[PROVIDED DATA]
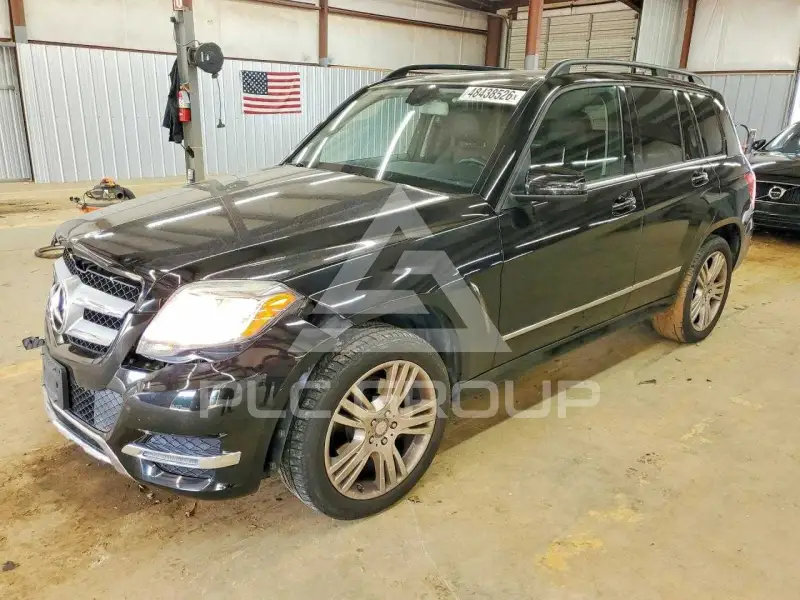 2014 Mercedes Benz GLK-Class фото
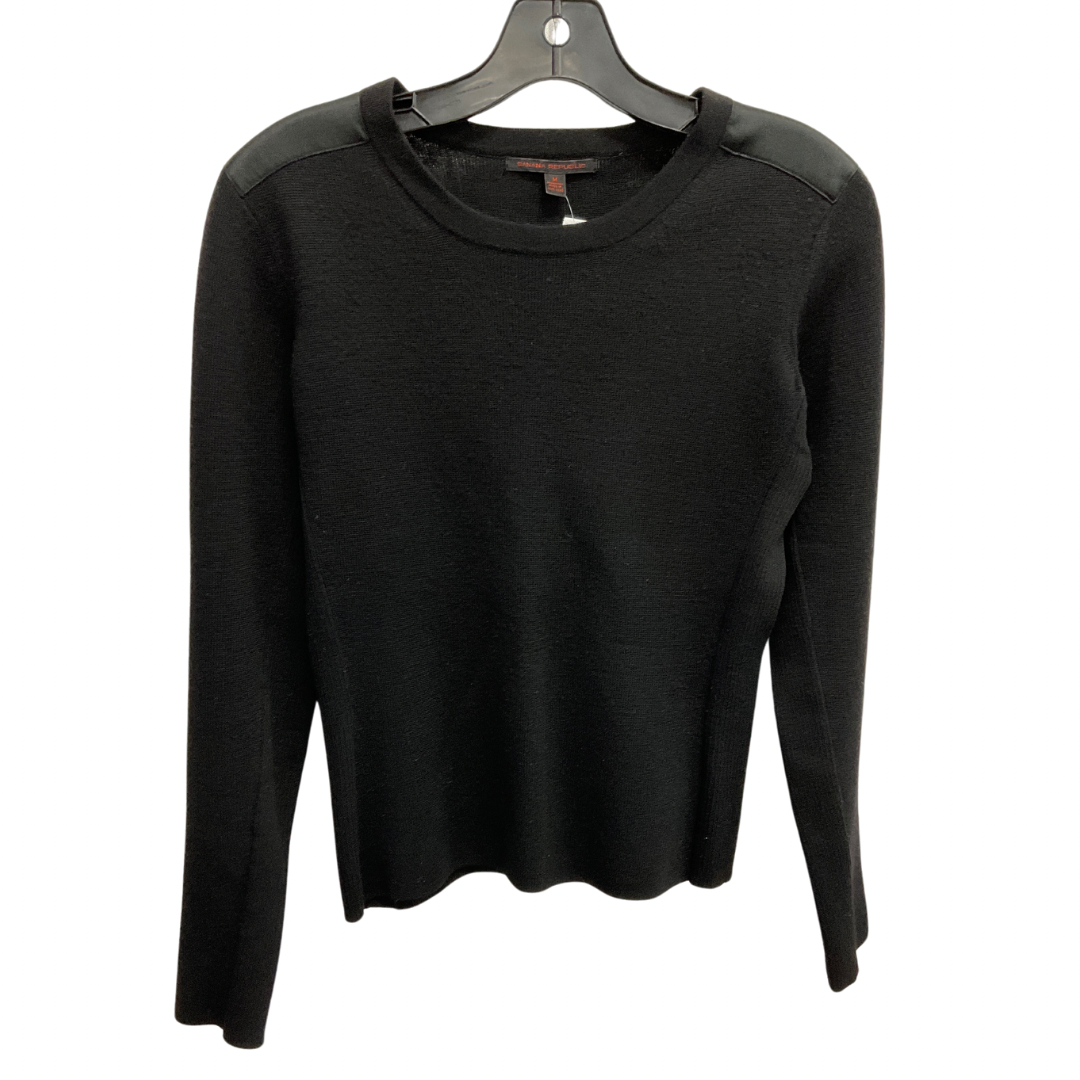 Sweater By Banana Republic In Black, Size: M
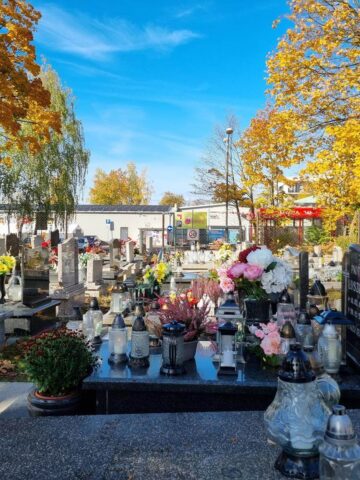 Grób Magika jest na cmentarzu w Katowicach - Bogucicach Grób Magika jest na cmentarzu w Katowicach - Bogucicach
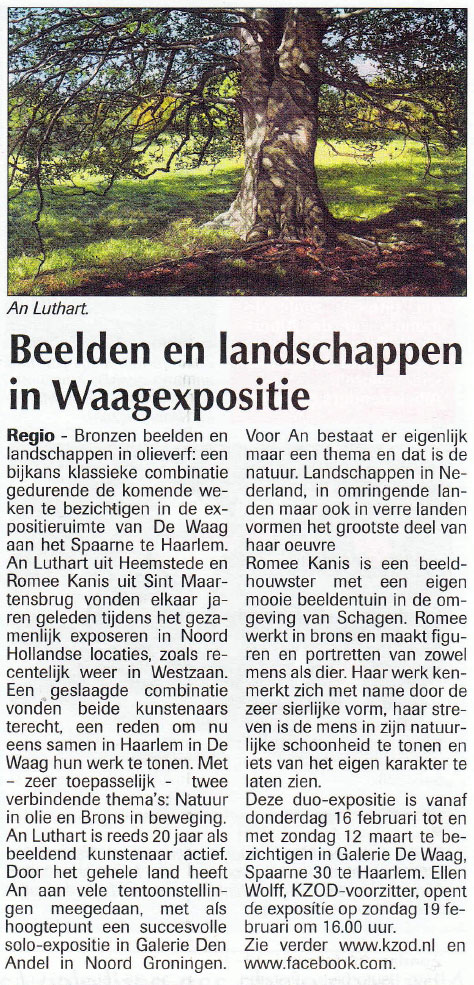 Beelden en landschappen in Waagexpositie [02]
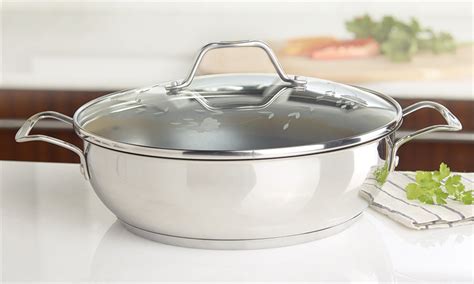 Culinario Series® Healthy 5-Qt. Braiser | Nonstick Cookware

[TRY IT]
Copy, without the pictures, exactly the lines from the line with "Grób Magika jest na cmentarzu w Katowicach - Bogucicach Grób" through the end of the material above, both ends included.

[RESPONSE AREA]
 Grób Magika jest na cmentarzu w Katowicach - Bogucicach Grób Magika jest na cmentarzu w Katowicach - Bogucicach
 Beelden en landschappen in Waagexpositie [02]
 Culinario Series® Healthy 5-Qt. Braiser | Nonstick Cookware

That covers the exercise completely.